Divine and supernatural are not usually words one would associate with a plant of any description, but Verbenas have most certainly earned those descriptions. One of their ancient uses, according to legend, included containing the blood flow out of Jesus’ wounds after he was removed from the cross, affording it the honour of names like “Holy Herb” and “Devil’s Bane”. With the Greeks dedicating this bloom to Eos Erigineia, the Titan goddess of the dawn and ancient Egyptians knowing them as “Tears of Isis”, it’s easy to see how revered verbenas were back in the olden days.
The modern day love for these annuals may no longer be necessarily divine or supernatural, but it’s for equally good reasons! They’re prolific bloomers that require as little pampering as possible and are hard as nails. Ok, not literally “as hard as nails” but they’re one of the hardiest annuals we’ve got, surviving easily in the dusty and sweltering sun beaten spots that usually just remain barren in our gardens throughout the year. If you’ve got some of those spots that could do with some life, plant some verbenas and watch your very own divine and supernatural transformation, from drab to glam.
Most of the 250, or thereabout, verbena species come from the Americas while some originate from parts of Europe. For a long lasting colour spectacle every year it’s best to plant them in early spring, and they’ll reward your previously bare patch with life right up until the first frosts. Verbenas have been known to pretend, quite well it has to be said, to be perennials and survive the winter to continue flowering for their second year, but their true annual colours show in their ability to deliver only about half the amount of wow they offered in the first year.
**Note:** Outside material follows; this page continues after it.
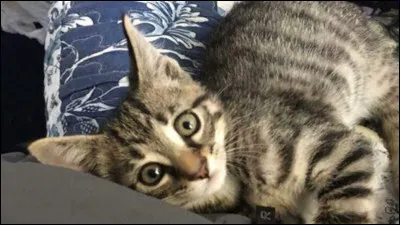 "Le Chat qui vient de l'espace" est un long-métrage mis en scène par Norman Tokar.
Speaking of the wow factor they offer, this will depend largely on how little care you offer them. They really don’t enjoy being pampered, which is just as well, since who wants to stand for hours supplying TLC in the most arid area of their garden? Follow these four tips, when it comes to verbenas and your neighbours will think you’ve been gardening for a lifetime already:
- Plant your verbenas in a well-composted bed and when they’ve reached a height of about 15cm, give them a once off dose of fertiliser. It should be a balanced slow releasing one.
- While they’re settling themselves in, water them regularly until you can see they’re healthy, happy and growing nicely. After that, it is very important to only water them when the top layer of soil, at least one centimetre deep, has dried out.
- Being sun thirsty plants, verbenas need as much direct sunlight as their leaves can lay their surface area on, every day. Ideally between 8 and 10 hours will be perfect. This not only makes them happy but will also prevent any kind of disease possibilities, like powdery mildew.
- Deadhead your spent blooms! For first time gardeners, that means plucking off the dead or faded blooms. It’s not a mammoth task and will make sure they offer non-stop flowering. If you notice, all of a sudden, they’ve stopped flowering and it’s because you forgot, don’t worry, just clip off the top of the stems and they’ll be blooming again in a couple of weeks. They’re forgiving like that.